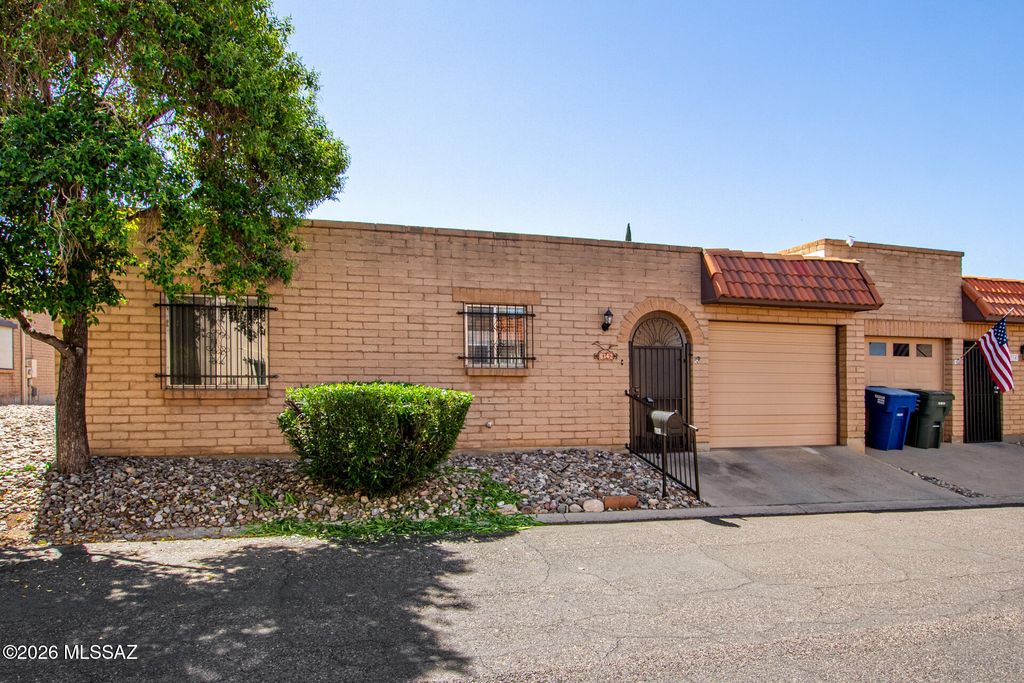 8342 E Cypress Point Lane, Tucson, AZ 85710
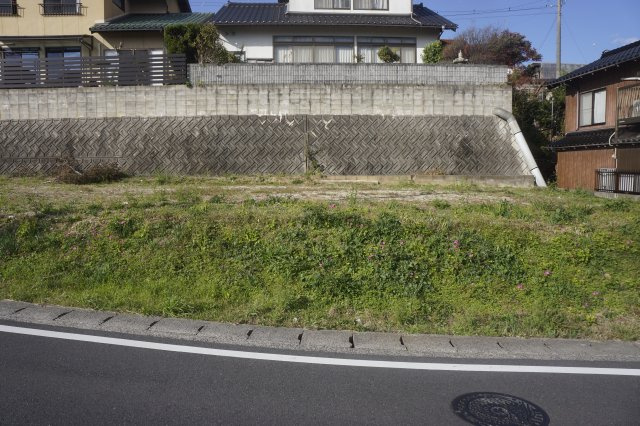 出雲市上塩冶町　建築条件なし　約86坪　間口広々の外観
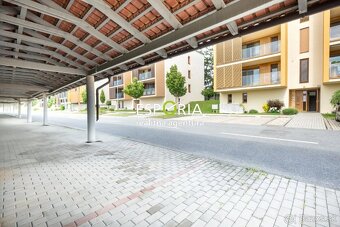 Exkluzívny 3i byt s lódžiou a 2 parkovacími miestami - 18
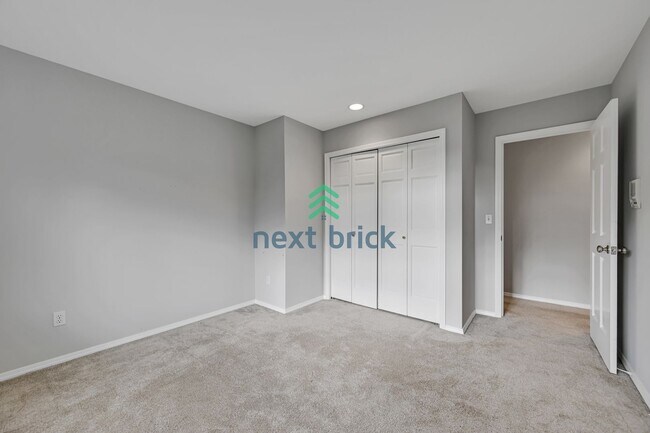 Building Photo - Beautiful home with 4 beds, 3.5 baths for rent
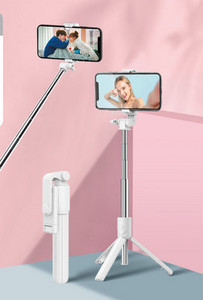 Teleszkópos selfie stick távirányítóval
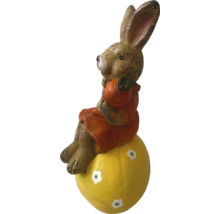 Iepure de Paște pe un ou galben ca decorațiune de grădină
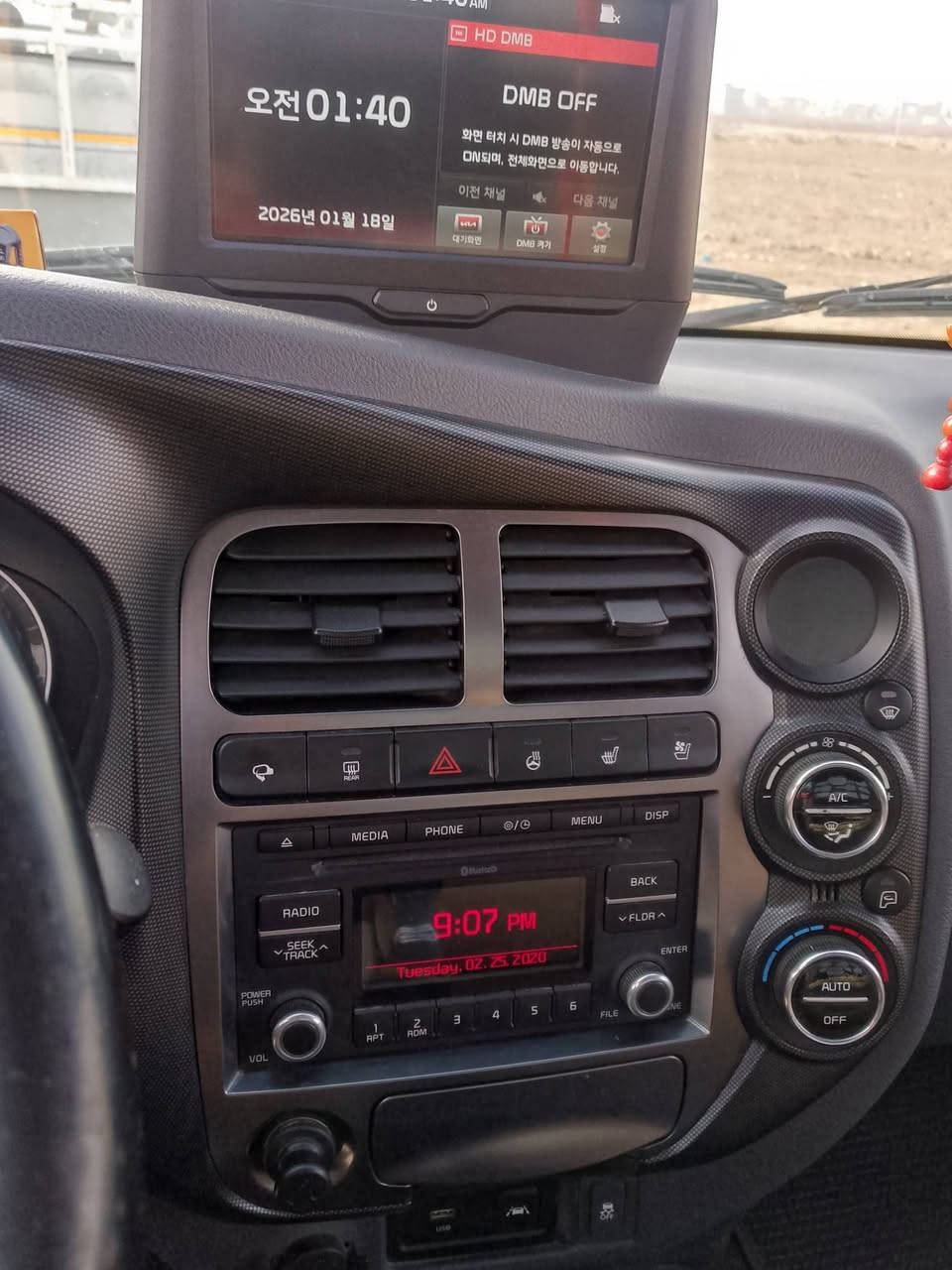 سلام عليكم كيا فحل مسكر موديل 23فول وربع بغداد بسمي السيارة سياره فول مواصفات ست دكم سياره بعدهه ابلاديه وماشيه 18الف كامرات امامية وخلفيه رادار تاخذ كبل للشغل السياره بعدهه كلشي مامحور بيها رقم الهاتف ***********
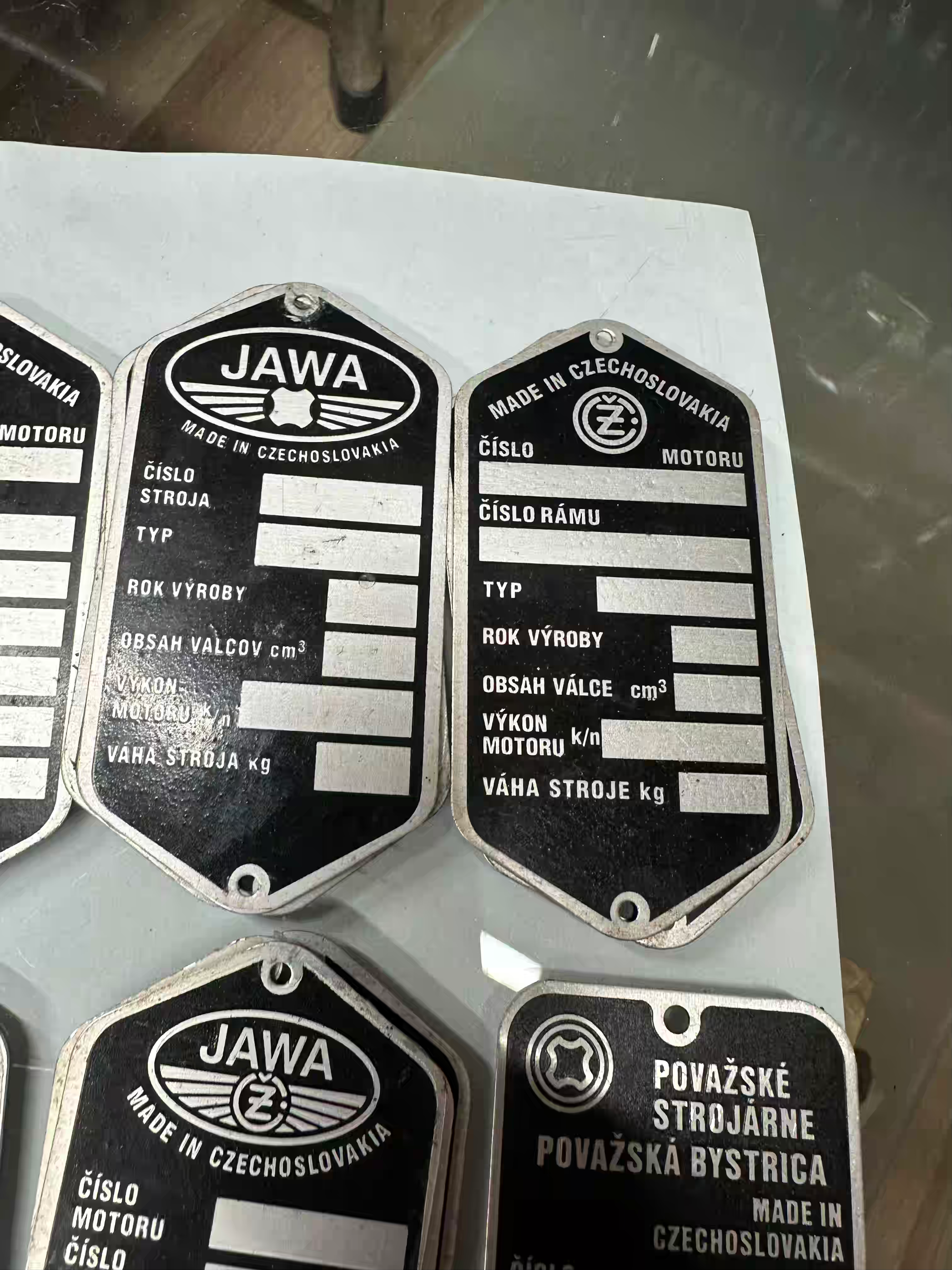 Štítok + nity, leptaný- rôzne typy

EXERCISE DETAILS → When copying the listing above, begin at its first line and stop after the line with "Iepure de Paște", keeping each line exact and dropping the pictures.

YOUR RESPONSE →
 8342 E Cypress Point Lane, Tucson, AZ 85710
 出雲市上塩冶町　建築条件なし　約86坪　間口広々の外観
 Exkluzívny 3i byt s lódžiou a 2 parkovacími miestami - 18
 Building Photo - Beautiful home with 4 beds, 3.5 baths for rent
 Teleszkópos selfie stick távirányítóval
 Iepure de Paște pe un ou galben ca decorațiune de grădină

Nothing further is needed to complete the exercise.